What do these times mean? Well, you've just read Michael Mooney's 3,200 progression this season. And while there are a few asterisks in the progression, like his 9:51 was run in the wind (and at altitude), and his 9:20 was run at altitude and he didn't kick until the final 800, his 8:50.96 at the Arcadia Invitational is just quite simply insane.
Mooney's second place finish was additionally tantalizing, as he lost by the slimmest of margins - .01.
His 1,600 and 5k PRs hinted at his 9:20 potential, but Mooney has clearly gone to a new level with his latest performance.
(Side Note: Among the select few who really saw this coming was his coach Greg Weich, who hinted last week that Mooney would break 9 at Arcadia.)
To put Mooney's 8:50 more into perspective...

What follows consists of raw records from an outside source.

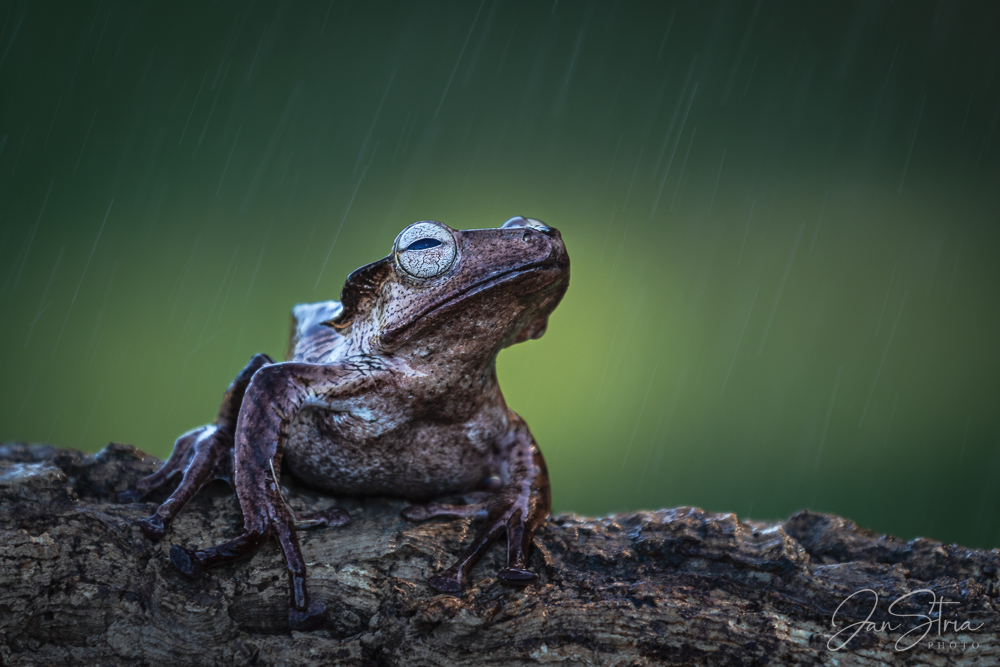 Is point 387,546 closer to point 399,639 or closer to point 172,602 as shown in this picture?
point 399,639

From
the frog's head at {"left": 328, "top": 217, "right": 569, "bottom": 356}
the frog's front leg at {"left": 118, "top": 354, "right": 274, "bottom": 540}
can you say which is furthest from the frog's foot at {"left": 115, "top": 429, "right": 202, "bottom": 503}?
the frog's head at {"left": 328, "top": 217, "right": 569, "bottom": 356}

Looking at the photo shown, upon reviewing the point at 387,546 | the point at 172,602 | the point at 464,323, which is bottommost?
the point at 172,602

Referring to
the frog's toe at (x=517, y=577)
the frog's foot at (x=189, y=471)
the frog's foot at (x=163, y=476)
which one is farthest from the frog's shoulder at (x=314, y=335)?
the frog's toe at (x=517, y=577)

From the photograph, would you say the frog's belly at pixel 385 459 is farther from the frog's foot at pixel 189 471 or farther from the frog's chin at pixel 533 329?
the frog's chin at pixel 533 329

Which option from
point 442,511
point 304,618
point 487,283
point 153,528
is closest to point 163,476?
point 153,528

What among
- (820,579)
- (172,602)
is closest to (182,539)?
(172,602)

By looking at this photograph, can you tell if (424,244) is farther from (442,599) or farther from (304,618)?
(304,618)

Mooney's current 1,600 PR is 4:21. It doesn't take a math major to know that an 8:50 3,200 is two 4:25s. What can he run for the 1,600 at altitude, at state? Now, there's question that newly minted 4:12 miler Carter Dillon may be asking, because Mooney's 8:50 hints that the Broomfield senior is clearly ready to run that fast.
Adding the impressive feat, Mooney's 8:50 puts him in the class of Brent Vaughn, another Greg Weich-coached athlete. Vaughn ran 8:45 at Arcadia in 2003, and went on to run 13:18 at the University of Colorado, and win the 2011 US Cross Country title, among his many accolades...

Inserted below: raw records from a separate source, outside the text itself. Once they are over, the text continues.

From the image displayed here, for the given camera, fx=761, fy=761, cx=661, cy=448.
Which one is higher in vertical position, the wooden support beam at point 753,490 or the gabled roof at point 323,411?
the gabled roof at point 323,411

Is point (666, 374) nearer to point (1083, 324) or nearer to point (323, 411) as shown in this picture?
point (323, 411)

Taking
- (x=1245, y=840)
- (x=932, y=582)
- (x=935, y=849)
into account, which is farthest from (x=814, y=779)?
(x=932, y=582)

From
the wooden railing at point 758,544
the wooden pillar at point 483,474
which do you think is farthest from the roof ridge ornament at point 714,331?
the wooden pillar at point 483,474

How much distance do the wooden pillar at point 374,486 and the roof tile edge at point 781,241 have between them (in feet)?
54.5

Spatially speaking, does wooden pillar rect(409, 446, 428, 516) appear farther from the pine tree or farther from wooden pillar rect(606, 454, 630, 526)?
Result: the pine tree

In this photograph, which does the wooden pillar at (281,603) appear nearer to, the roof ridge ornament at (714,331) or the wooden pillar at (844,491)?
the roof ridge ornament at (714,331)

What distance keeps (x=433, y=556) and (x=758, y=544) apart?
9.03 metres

Colorado Impresses At Arcadia
Michael Mooney wasn't the only one to tally a big performance, as sister Madison Mooney duplicated her brother's feat with a second-place finish of her own in the Invite Mile, running 4:49.92. Quinn McConnell and Anna Shults were in the race as well, running 4:56 and 5:08. In the open heats of the mile, Tiana Bradfield ran 5:08, while Alex Raichart and Lizzy Harding both ran 5:12, Laura Thompson ran 5:14, Elizabeth Constien ran 5:15, and Grace Johnson ran 5:19. In the 3,200 Telluride's Soleil Gaylord lowered her PR to 10:44, and Ivy Gonzales ran 11:02 in the seeded section.
Adding to the big, big weekend were milers Cruz Culpepper and James Lee, who went 1-2 in the Invite Mile. Culpepper took his first win over Lee, running 4:13.13 to Lee's 4:13.92. It solidified last weekend's 4:11 result in Texas, and marked Culpepper's first big win, which is sure to be the first of many.

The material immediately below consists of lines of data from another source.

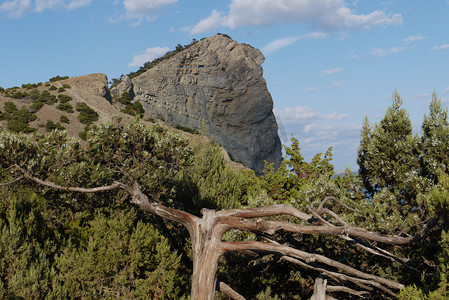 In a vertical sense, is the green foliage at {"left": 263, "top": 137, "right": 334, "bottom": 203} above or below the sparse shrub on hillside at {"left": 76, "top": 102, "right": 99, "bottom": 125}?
below

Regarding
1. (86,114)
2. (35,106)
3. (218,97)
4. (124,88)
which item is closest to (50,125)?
(86,114)

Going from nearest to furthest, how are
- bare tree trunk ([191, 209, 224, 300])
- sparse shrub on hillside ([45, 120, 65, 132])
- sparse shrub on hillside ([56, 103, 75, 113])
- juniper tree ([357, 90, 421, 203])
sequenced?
bare tree trunk ([191, 209, 224, 300]) → juniper tree ([357, 90, 421, 203]) → sparse shrub on hillside ([45, 120, 65, 132]) → sparse shrub on hillside ([56, 103, 75, 113])

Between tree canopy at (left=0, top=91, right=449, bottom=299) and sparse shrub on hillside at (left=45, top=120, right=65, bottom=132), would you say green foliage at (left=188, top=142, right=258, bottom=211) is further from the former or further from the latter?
sparse shrub on hillside at (left=45, top=120, right=65, bottom=132)

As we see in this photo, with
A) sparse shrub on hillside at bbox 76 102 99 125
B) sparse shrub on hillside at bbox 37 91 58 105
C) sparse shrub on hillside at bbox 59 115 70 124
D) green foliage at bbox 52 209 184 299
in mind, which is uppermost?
sparse shrub on hillside at bbox 37 91 58 105

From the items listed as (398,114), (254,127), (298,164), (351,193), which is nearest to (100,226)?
(351,193)

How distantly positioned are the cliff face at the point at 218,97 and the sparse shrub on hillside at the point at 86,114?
18605 millimetres

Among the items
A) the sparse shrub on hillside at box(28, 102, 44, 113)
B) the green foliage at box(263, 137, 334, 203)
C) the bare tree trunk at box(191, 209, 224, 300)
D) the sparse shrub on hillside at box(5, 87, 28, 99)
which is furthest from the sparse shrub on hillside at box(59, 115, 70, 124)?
the bare tree trunk at box(191, 209, 224, 300)

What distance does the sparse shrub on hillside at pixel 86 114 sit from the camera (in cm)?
5981

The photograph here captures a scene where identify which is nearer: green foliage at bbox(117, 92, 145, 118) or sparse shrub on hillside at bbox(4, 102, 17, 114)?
sparse shrub on hillside at bbox(4, 102, 17, 114)

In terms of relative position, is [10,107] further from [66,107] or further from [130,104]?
[130,104]

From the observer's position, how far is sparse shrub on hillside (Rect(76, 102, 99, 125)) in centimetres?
5981

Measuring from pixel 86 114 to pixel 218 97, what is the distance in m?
34.2

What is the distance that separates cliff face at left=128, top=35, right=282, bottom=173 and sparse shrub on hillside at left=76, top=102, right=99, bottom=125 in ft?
61.0

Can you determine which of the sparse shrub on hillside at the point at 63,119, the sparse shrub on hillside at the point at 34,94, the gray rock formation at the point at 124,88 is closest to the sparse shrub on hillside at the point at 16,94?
the sparse shrub on hillside at the point at 34,94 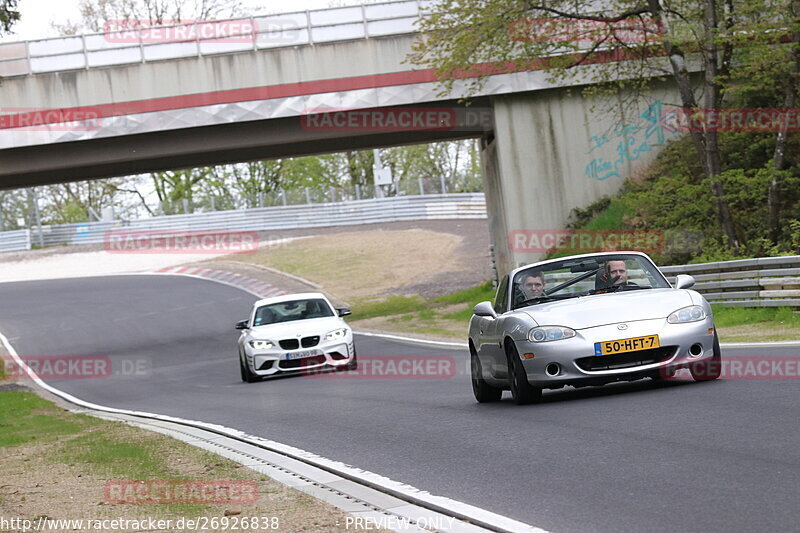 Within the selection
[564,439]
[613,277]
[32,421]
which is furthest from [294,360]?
[564,439]

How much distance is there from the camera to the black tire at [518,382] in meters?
11.1

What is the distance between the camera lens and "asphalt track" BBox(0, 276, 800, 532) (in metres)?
6.10

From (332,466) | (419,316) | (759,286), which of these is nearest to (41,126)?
(419,316)

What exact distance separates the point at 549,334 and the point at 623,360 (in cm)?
71

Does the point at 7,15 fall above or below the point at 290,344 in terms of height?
above

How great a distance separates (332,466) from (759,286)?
46.4ft

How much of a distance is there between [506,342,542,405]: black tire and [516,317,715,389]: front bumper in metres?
0.33

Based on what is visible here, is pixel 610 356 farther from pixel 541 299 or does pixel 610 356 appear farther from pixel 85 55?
pixel 85 55

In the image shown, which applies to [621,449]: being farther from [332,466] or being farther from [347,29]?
[347,29]

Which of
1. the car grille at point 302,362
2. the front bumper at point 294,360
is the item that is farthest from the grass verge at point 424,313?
the car grille at point 302,362

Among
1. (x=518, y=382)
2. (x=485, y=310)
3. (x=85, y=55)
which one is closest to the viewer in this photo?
(x=518, y=382)

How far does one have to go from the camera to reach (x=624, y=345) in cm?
1055

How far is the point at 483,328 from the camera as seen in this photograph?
1245 cm

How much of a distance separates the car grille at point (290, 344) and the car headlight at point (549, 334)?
10.7 m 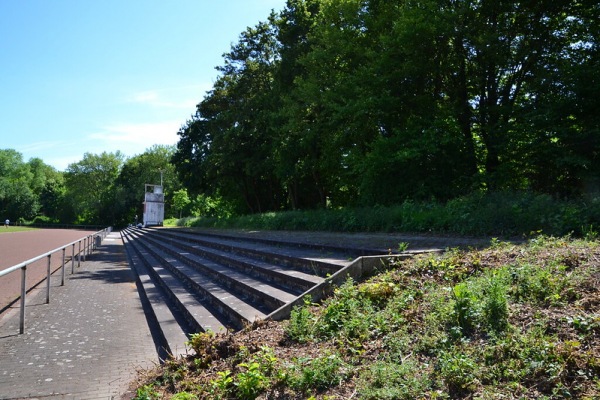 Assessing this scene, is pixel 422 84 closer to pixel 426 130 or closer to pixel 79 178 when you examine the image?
pixel 426 130

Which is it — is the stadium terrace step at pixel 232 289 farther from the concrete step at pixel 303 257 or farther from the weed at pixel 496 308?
the weed at pixel 496 308

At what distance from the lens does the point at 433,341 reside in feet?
11.6

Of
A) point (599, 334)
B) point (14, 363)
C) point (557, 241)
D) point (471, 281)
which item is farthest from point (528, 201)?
point (14, 363)

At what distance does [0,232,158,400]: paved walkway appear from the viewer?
4.54 m

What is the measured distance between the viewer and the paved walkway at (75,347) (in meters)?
4.54

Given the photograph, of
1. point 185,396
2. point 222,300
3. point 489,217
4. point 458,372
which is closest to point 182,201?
point 222,300

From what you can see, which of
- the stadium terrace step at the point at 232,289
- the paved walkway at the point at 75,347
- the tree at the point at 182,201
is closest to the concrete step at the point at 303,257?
the stadium terrace step at the point at 232,289

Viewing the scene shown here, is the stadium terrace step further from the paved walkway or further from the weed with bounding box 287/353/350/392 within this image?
the weed with bounding box 287/353/350/392

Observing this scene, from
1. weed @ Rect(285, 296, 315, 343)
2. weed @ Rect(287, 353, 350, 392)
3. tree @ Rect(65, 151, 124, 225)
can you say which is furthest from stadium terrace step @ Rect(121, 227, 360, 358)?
tree @ Rect(65, 151, 124, 225)

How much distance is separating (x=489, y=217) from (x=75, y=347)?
23.6 feet

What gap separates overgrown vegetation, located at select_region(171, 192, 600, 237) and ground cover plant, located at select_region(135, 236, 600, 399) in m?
1.44

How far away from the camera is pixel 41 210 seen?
102 m

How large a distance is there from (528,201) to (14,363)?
8447 millimetres

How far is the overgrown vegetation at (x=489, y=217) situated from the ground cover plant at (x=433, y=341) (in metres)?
1.44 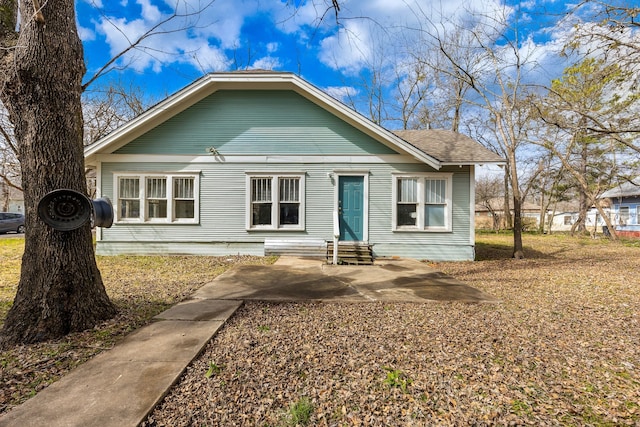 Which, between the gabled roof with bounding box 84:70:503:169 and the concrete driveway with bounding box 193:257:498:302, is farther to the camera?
the gabled roof with bounding box 84:70:503:169

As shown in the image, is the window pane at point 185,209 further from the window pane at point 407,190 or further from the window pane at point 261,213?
the window pane at point 407,190

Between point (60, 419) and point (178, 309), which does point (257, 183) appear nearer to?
point (178, 309)

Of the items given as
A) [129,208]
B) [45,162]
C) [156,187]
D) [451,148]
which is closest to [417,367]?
[45,162]

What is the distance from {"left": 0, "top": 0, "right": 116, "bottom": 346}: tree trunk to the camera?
3416 mm

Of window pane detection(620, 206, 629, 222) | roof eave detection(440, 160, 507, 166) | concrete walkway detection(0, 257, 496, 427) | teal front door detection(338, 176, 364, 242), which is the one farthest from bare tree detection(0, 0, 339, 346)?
window pane detection(620, 206, 629, 222)

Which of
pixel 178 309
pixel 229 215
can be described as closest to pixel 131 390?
pixel 178 309

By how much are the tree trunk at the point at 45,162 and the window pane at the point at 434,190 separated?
8581mm

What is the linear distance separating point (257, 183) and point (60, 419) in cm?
798

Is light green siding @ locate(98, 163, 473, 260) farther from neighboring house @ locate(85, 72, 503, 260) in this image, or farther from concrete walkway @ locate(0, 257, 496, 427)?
concrete walkway @ locate(0, 257, 496, 427)

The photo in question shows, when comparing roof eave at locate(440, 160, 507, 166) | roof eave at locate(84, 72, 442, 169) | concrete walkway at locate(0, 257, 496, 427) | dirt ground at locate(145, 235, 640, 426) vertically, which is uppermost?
roof eave at locate(84, 72, 442, 169)

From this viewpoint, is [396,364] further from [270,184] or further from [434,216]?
[270,184]

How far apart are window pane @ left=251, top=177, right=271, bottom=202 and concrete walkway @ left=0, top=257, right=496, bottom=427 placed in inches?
105

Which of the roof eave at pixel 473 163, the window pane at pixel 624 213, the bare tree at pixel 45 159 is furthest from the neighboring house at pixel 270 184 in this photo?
the window pane at pixel 624 213

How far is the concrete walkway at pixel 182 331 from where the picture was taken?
86.0 inches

In the sprints Emily Sloan ran her first 100 hurdles of the outdoor season in style. Sloan won the Invite division in 13.43 - the No. 2 time in the country. Sloan doubled back to finish second in the 300 hurdles in 42.25, the No. 3 time in the country.
Niwot's Mary Gillett finished third in the seeded 400 in 56.12
On the first day of competition, a few Colorado boys ran in the Rated 3,200. Leading the way was Ryan Matson, who ran 9:19, Joshua Krafsur was a second behind in 9:20, Jonathan Woolf ran 9:21, Isaac Russo ran 9:28, and Kieran Nay dipped under 9:30, running 9:29.
In the girls Rated 3,200 Grace Johnson led the way with a 10:49 finish, while Isabella Prosceno was a second behind in 10:50. Almost dipping under the 11-minute mark was Liz Hogan, who ran 11:02. In the seeded section the trio of Lizzy Harding, Lina Corrales, and Addi Iken all ran 10:55.